I agree that for the wide variety of playback devices Roon supports, discovery makes a lot of sense, and external network configuration would be extremely difficult.

But I’m just asking about connecting a single client to play music on that device. The rest of the ecosystem has nothing to do with my phone getting music from Roon Core. The rest of the discovery for devices on my network isn’t relevant to this, because I’m physically not there. I’m not going to ask Roon to play my home headphones, or speakers, or on the TV, or anything on my local network, when I’m away from home.

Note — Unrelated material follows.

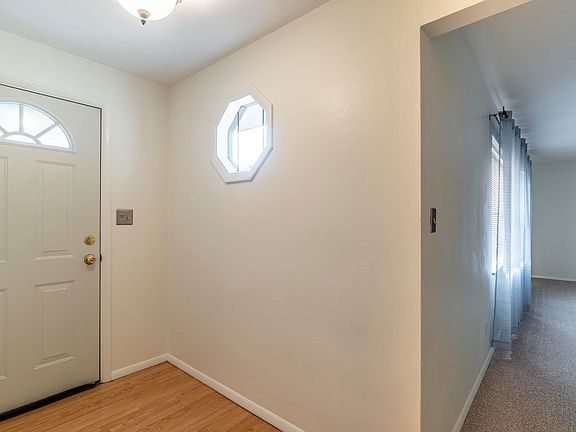 2nd image of 3721 Courtwood Dr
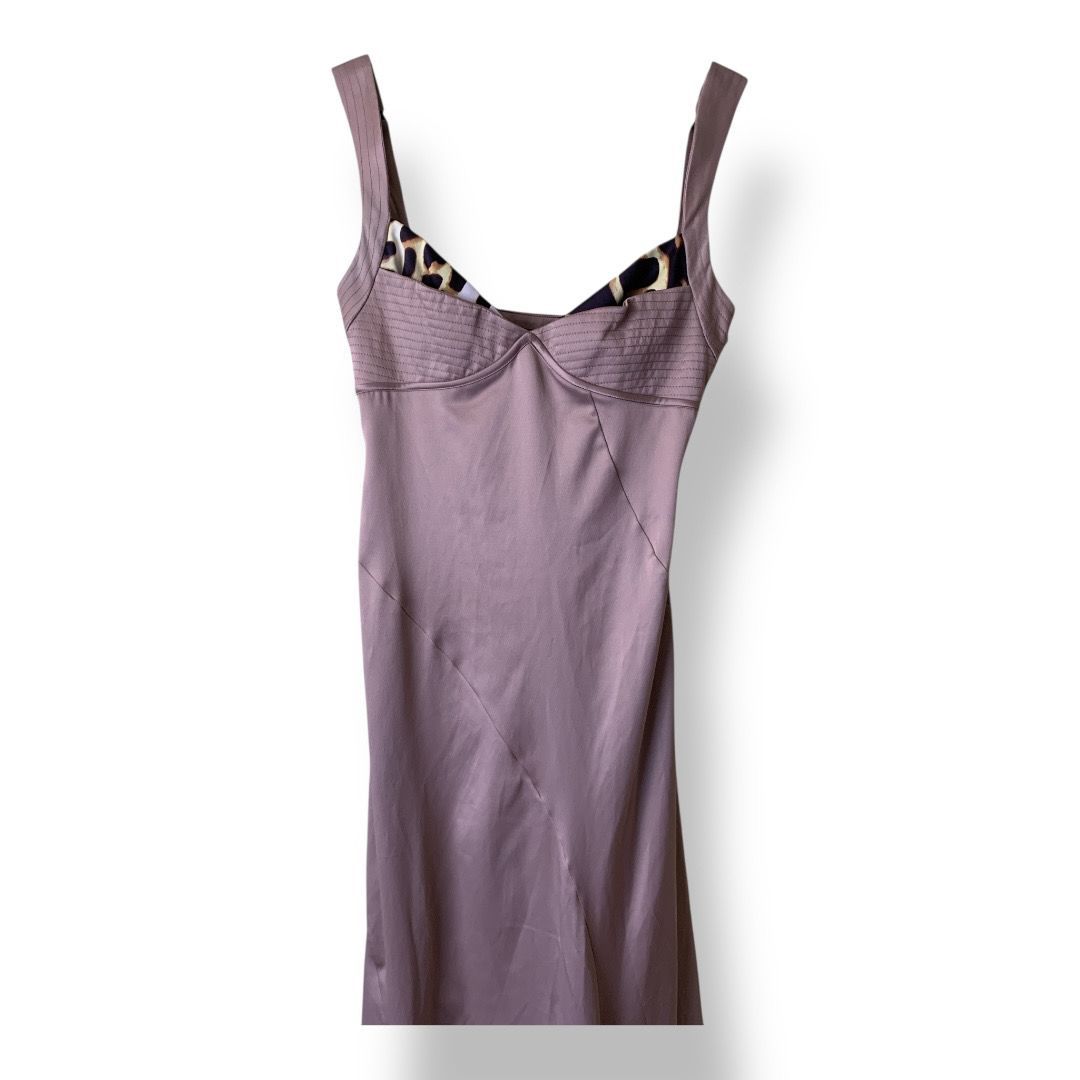 Cavalli ジャスト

So… We’re essentially talking a single client to a single server. I don’t see how the rest of the complex ecosystem Roon has to manage at home impacts wanting to play my library through my phone. Not my phone plus other speakers at home; literally just my one little client. Roon doesn’t have to worry about latency issues syncing playback across multiple devices; it only has the one device to worry about.

Currently your phone is discovered as an endpoint by the server using the exact same means as every other endpoint. It doesn’t register as a player with the server. It also uses the same complex audio protocol that allows synced zones.

Roon is very consistent in this way. To this point they have had no interest in implementing and maintaining a lesser one off protocol that would work for single streams over the internet.

As well I mentioned before a simple port forward implementation would easily open up Roon to all my friends at no cost.